Aus dieser Warte kann man Polen und Ungarn verstehen. Es kann nur auch nicht sein, dass sie ihrerseits die EU über ein Veto blockieren können, damit sie die Grundrechte wie Spanien ebenfalls mit Füßen treten können. Es kann auch nicht sein, dass weiter weniger die Frage ist, ob die Rechtsstaatlichkeit verletzt wird, sondern ob eine Regierung "in der Kommission und im Rat genügend Einfluss nehmen kann", wie Tim Gerber feststellt (Was Ungarn und Polen fürchten), ob sich Brüssel also mit kleinen Ländern anlegt, Spanien als "too big to fail" dagegen praktisch alles durchgehen lässt.
Man kann aber auch der polnischen Zeitung Gazeta Wyborcza zustimmen, die meint: "Die EU sollte endlich ihre Lehren aus der jüngeren Geschichte ziehen und aufhören, um jeden Preis nach einem Kompromiss zu suchen." Die Zeitung fordert, "Härte" zu zeigen. "Der hysterische Widerstand von Kaczynski und Orban gegen die Kürzung von EU-Zahlungen aufgrund von Rechtsstaatsverstößen zeigt, dass dies ein Instrument ist, vor dem diese Politiker wirklich Angst haben." Eben, aber das sollte für alle Länder gelten, auch für Spanien. Die Hilfsgelder sollten endlich dazu führen, von Spanien demokratische Reformen zu fordern. Denn auch Spanien ist "durch die Gelder gewachsen, die aus der EU" in das Land geflossen sind und würde ohne diese EU-Gelder wie ein Kartenhaus zusammenbrechen.

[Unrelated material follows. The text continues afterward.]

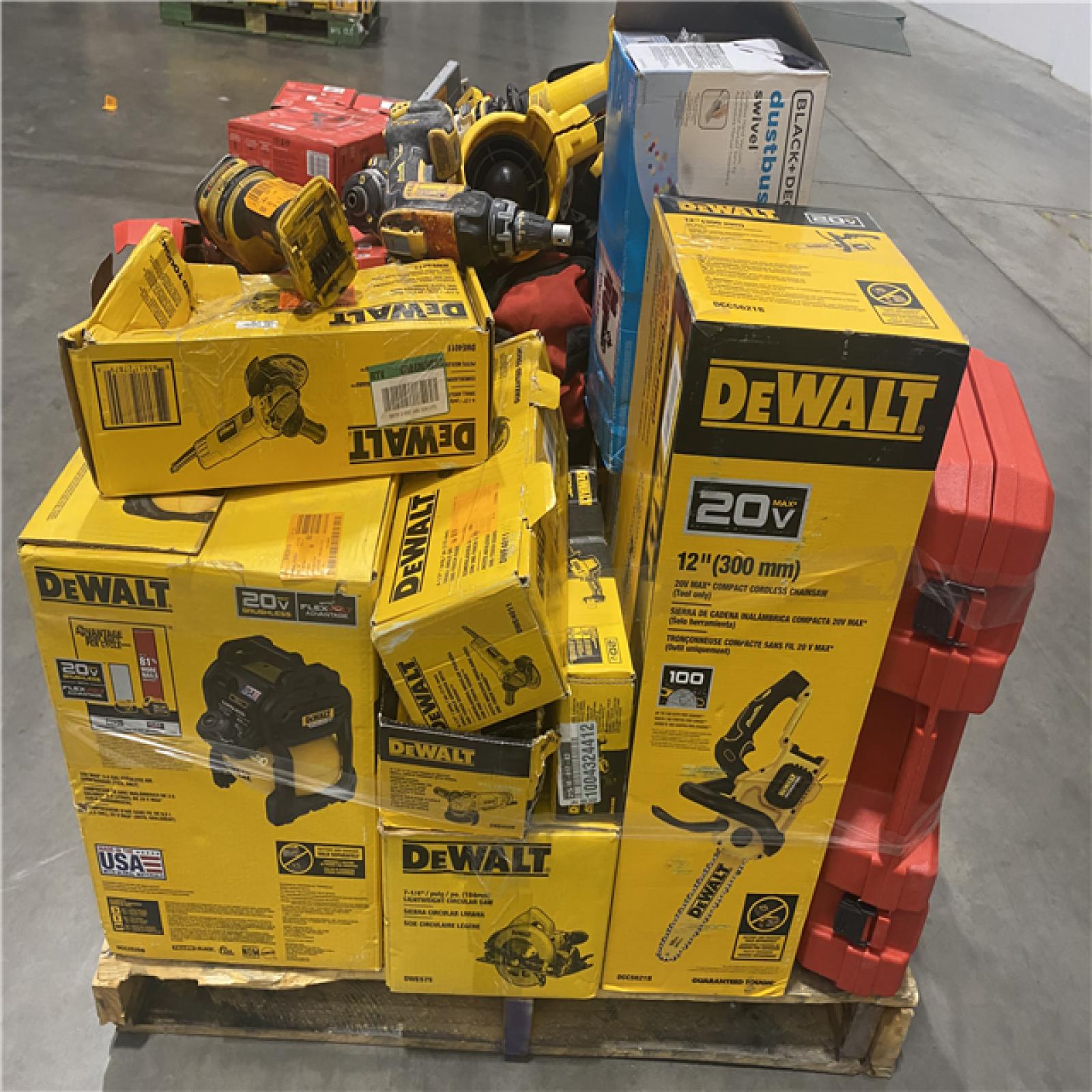 Dallas Location - As-Is Tool Pallet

Was mit dem Haushalt und dem "Wiederaufbaufonds" passieren wird, steht zunächst in den Sternen. Nun muss die deutsche Ratspräsidentschaft in den nächsten zwei Wochen einen Ausweg suchen. Gibt es keine Lösung, wird die EU im kommenden Jahr nur noch über einen Nothaushalt verfügen und dann könnten die Corona-Hilfen nicht fließen. Für Spanien und Italien, aber auch für Polen, das ebenfalls besonders mit Geld bedacht werden soll, wäre das hart. Hier zeichnet sich also die typische EU-Kompromisslinie ab. Man verwässert den Vorgang weiter, damit Polen das Veto zurückzieht. Ungarn allein wird sich kaum auflehnen, das ebenfalls die Milliarden aus Brüssel braucht.